Other works he wrote in English during this time include "Speech on Gautama," "Reflections" (poems), "Jagannatha Temple of Puri," "Slokas on the Samadhi of Thakura Haridasa," and "Akhadas [Monasteries] of Puri." He composed Kalyana-kalpataru, a collection of Bengali songs, and wrote many other books, among them Sri Chaitanya-siksamrta, Saranagati, Jaiva-dharma and Prema-pradipa (a fiction showing the excellence of bhakti-yoga). Furthermore, he published numerous Bengali translations of important Sanskrit works, such as Srimad Bhagavad-gita (one edition with Sanskrit commentary by Sri Visvanatha Cakravarti and a second with commentary by Sri Baladeva Vidyabhusana), Sri Siksastaka, Manah-siksa, Sri Visnu-sahasra-nama, Sri Chaitanya Upanisad and Sri Isopanisad (with a commentary by Sri Baladeva Vidyabhusana).
In 1881 Srila Bhaktivinoda started a new Vaishnava journal called Sajjana-tosani to disseminate the teachings of Chaitanya that continued through seventeen volumes. At about the same time he also accepted Jagannatha dasa Babaji as his siksa-guru.
In 1887, to promote Chaitanya's movement of devotional service to Krishna, he began work on commentaries in Bengali on the Chaitanya-caritamrta and established a printing press at Bhaktibhavan, his house in Calcutta. Printing and publishing were very early seen as the key to successful promotion of the cause. Thus technology was very early employed by Bhaktivinoda Thakura in pursuit of the religious community, and its use was carried even further by his son, Bhaktisiddhanta Sarasvati Thakura, who would refer to the printing press as the brhat mrdanga, "the great mrdanga."

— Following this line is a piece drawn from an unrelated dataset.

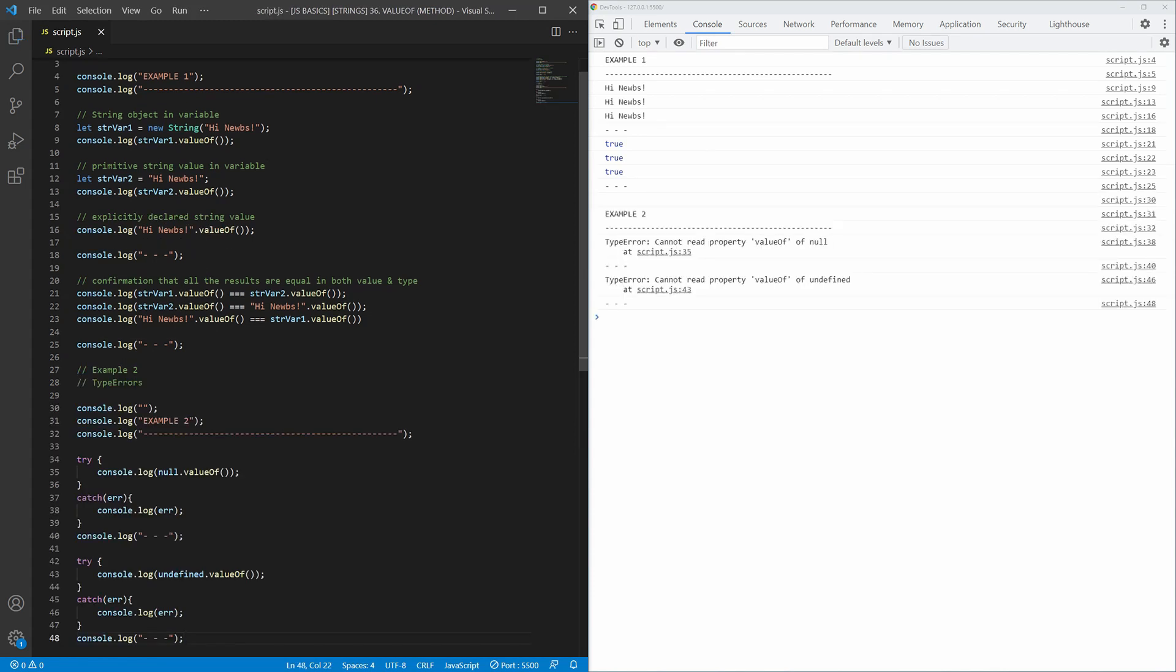And just so you believe me, here is the example number 2. And here it is.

In 1888, Srila Bhaktivinoda Thakura discovered the birthplace of Chaitanya, which had been forgotten. Everybody thought it was in Navadvipa, but it turned out to be in the nearby village of Mayapura.
In 1896 Srila Bhaktivinoda published in Sanskrit a little booklet on Chaitanya, to which was attached an English preface called Chaitanya Mahaprabhu: His Life and Precepts. Copies of this little booklet were sent to various places in the West. One of them ended up at McGill University Library and another at the library of the Royal Asiatic Society in London. From these efforts the Krishna consciousness movement won intellectual respectability; after all, McGill and the Royal Asiatic Society had sanctioned it.
Finally, in 1900, near the end of his life, Srila Bhaktivinoda Thakura went to Jagannatha Puri and from that point on spent most of his time in seclusion, performing his bhajana incessantly and eventually being initiated as a babaji, a renounced person pursuing his own personal religious activities.
Srila Saccidananda Bhaktivinoda Thakura is a nitya-siddha, an eternal associate of the Lord, and he is indeed the transcendental energy of Lord Chaitanya Mahaprabhu (gaura-sakti-svarupaya). He was sent by Lord Chaitanya Mahaprabhu to revive Mahaprabhu's message of Krishna consciousness and thus redeem the modern world!